I'm hoping that companies will step back and say, “Well, I've pledged to take action, and I can do this one thing now…”. And slowly, that they'll start moving forward. I'm hoping that once they start making little steps, it'll feel achievable.
“If you're constantly taking little steps before you know it, you're there.”
I do hope they start using Two Good Soap, and Rob gets to his 3-year goal of funding 80 women a year…but bigger than that, I hope this Take The Pledge campaign makes them think about what are we actually doing, as opposed to what we say we're doing.
DV has got to stop being something that's only in their Marketing and Promotions departments, and back in their Human Resources departments, in their office spaces, on the floor. Workplaces need to stop churning and burning employees in working groups for DV support; it’s time to put proper strategies in place. That's what I mean by awareness to action; put the policy in the shredder, if it’s just a piece of paper hovering in a filing cabinet. What are you doing to actively support?

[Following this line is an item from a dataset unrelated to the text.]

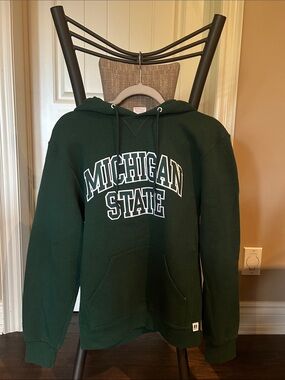 Russell Athletic Dark Green Hoodie with White Logo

This Pledge - these Safe Spaces Packs - tell your employees, we really do support you. I think that’s the first big step. My son asked, “why in the toilet?”, and I said, “Because it's somewhere private women can think.” With these Pledge posters, you've now got helplines on the back of the toilet door where they're sitting in a cubicle and no one can see them - they don't have to be caught in the tea room, staring at the notice board. Even if they're scared to write it down or put it in their phone, once you've been to the toilet enough times, it's in your head.
Even if someone doesn't disclose at work, knowing their workplace care enough to Take The Pledge, and have those assets in their bathrooms…it might be the reason somebody talks to their sister, or their brother, or their mum. To see each day, “WE BELIEVE YOU, WE BELIEVE IN YOU.” They might eventually think, “You know, my mum would believe me. Why has he got me convinced my mum wouldn't believe me?”

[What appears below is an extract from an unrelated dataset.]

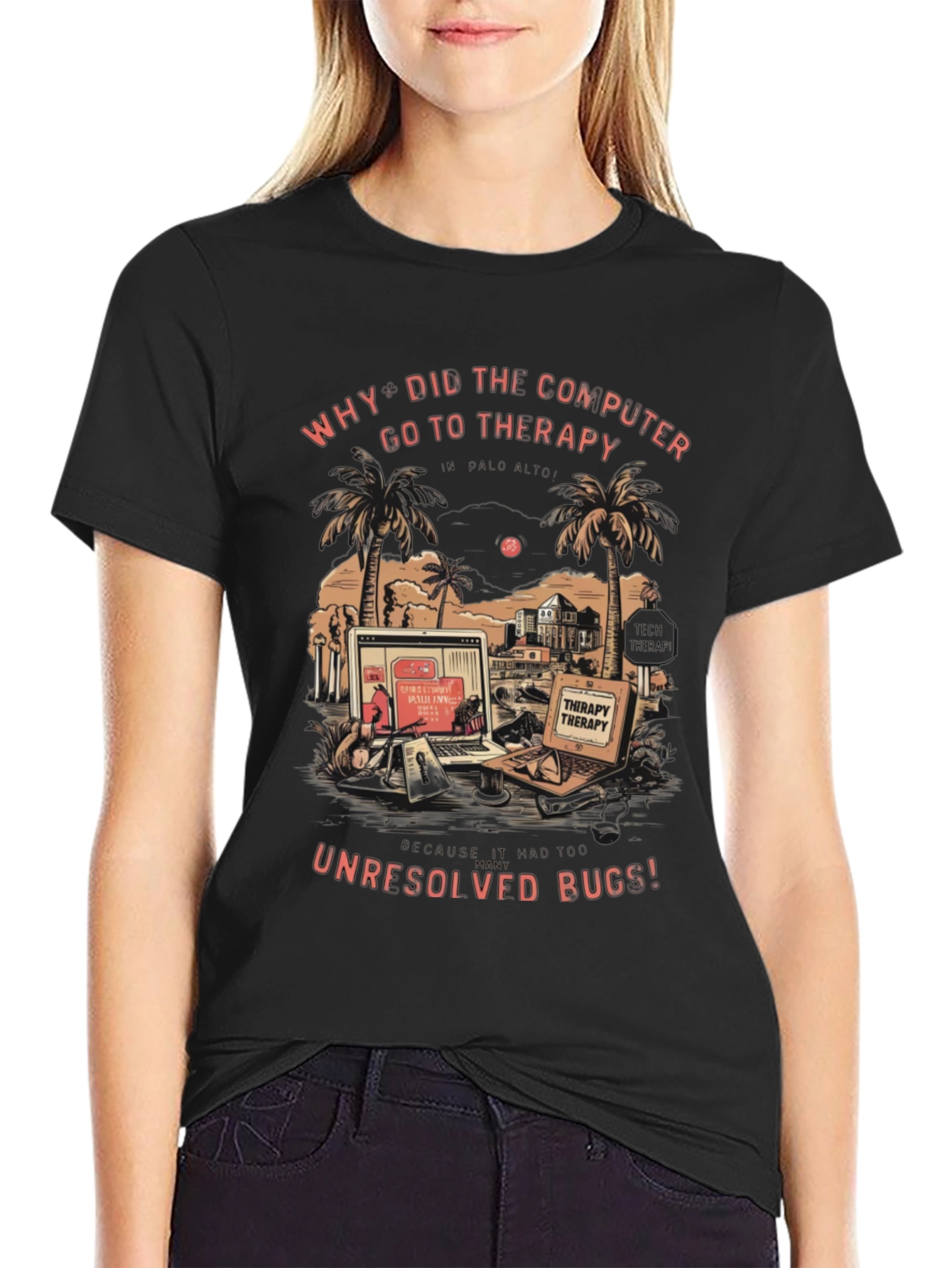 Therapy Computer Humor Black Graphic Tee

“Once those women don’t feel completely isolated, it’s the first stage of perpetrators losing power.”
The same way that purple bow that changed my life, those interactions stay with them; it gets them ready for help, when it does come. Even if you don’t get to see it. Because you’re not going to get the metrics on everyone you help; some will disclose to a friend, a family member, they’ll ring the helpline.

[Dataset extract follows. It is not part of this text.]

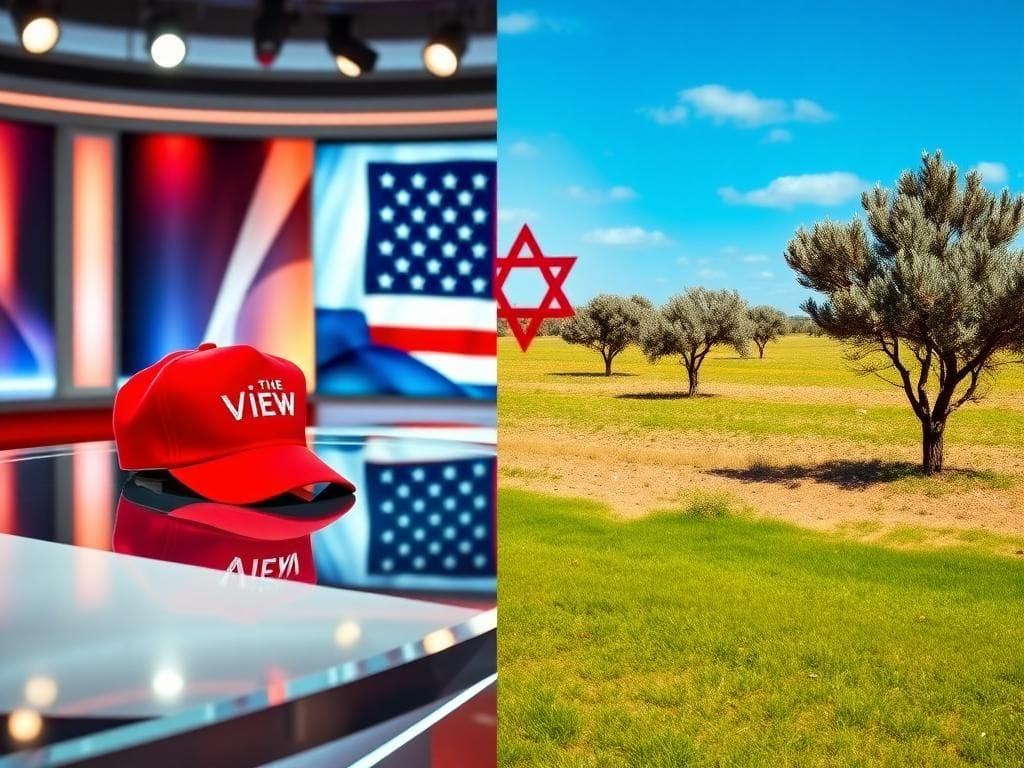 Flick International A split image contrasting a polished television studio set with a red MAGA hat and a serene Israeli landscape with olive trees under a blue sky.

But it doesn’t mean that the support in the workplace didn’t change their life.”
“There have been a handful of big moments, that changed the course of my life for the better.
The first was when I was still living in my abusive relationship. I lived in this really beautiful gated community and my son was playing - choo-choo, choo-choo-ing, with his little train. I was holding my daughter, who was only a baby, and the sun was glistening through the trees. I remember looking out of the window and thinking, “if the world was meant to feel this ugly, it would match”…it made no sense to me, that the rest of the world was so beautiful. Not long after that, I was in the car and Anastasia's song ‘Sick and Tired’ came on. She sings about being sick and tired, of being sick and tired… and I think those two things resonated. It started me questioning.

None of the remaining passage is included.